Por otro lado, la psicología de los personajes es torpe, por ser benévolo: no acabo de entender bien, por mucho que la describa, el desdén y el odio de Colacho respecto de su padre, Pacheco, por ser este el conductor en un accidente de coche que acabó con la muerte de su mujer y de otro hijo (madre y hermano de Colacho). De la lectura de la novela no se deduce tal responsabilidad, al menos hasta ese punto, y menos con lo que se nos informa más adelante.

En esta línea, la actitud de Pacheco resulta no solo ilógica a ratos, sino de profunda irracionalidad en su manera de enfrentarse a los hechos y de procesar los conocimientos que va adquiriendo a medida que se suceden los acontecimientos. Existen contradicciones en ambos personajes que no pueden excusarse o justificarse con la afirmación de que los seres humanos somos contradictorios: lo somos, pero los personajes de las novelas, de ser contradictorios, tendrían que serlo, valga la paradoja, coherentemente. Si no, caeríamos en la arbitrariedad, que no suele ser la mejor característica en una obra literaria. Hay alguna escena que roza lo inverosímil. Son defectos que se van pronunciando a medida que avanza la obra.

Así pues, además del perfilado deficiente de los personajes principales, tengo la sensación, quizá por ello, de ser una novela forzada a concluir con un desenlace que el lector es capaz de anticipar con facilidad. Una fatalidad anunciada profundamente insatisfactoria, amén de una suerte de Deus ex Machina final que tampoco añade nada a la trama por mucho que el autor pretenda de este modo cerrar el círculo de la historia. 
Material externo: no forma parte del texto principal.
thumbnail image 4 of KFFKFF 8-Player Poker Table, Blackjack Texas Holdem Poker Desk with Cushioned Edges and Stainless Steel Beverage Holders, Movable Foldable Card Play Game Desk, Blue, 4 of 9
Es Pacheco, en definitiva, una novela lineal, con fallos en la construcción psicológica de los personajes y con una trama simple que sufre del defecto capital de la arbitrariedad. Asimismo, hay ciertos intentos fallidos en algunos capítulos que nos hace pensar en una serie cualquiera de televisión, como si hubiera querido trasplantar una narración visual a la novela. No obstante, se lee bien y entretiene lo suficiente para no detestarla por completo. En cambio, carece de trascendencia moral alguna que nos incite a reflexionar acerca de su contenido o de nosotros mismos.  Una novela, pues, insuficiente.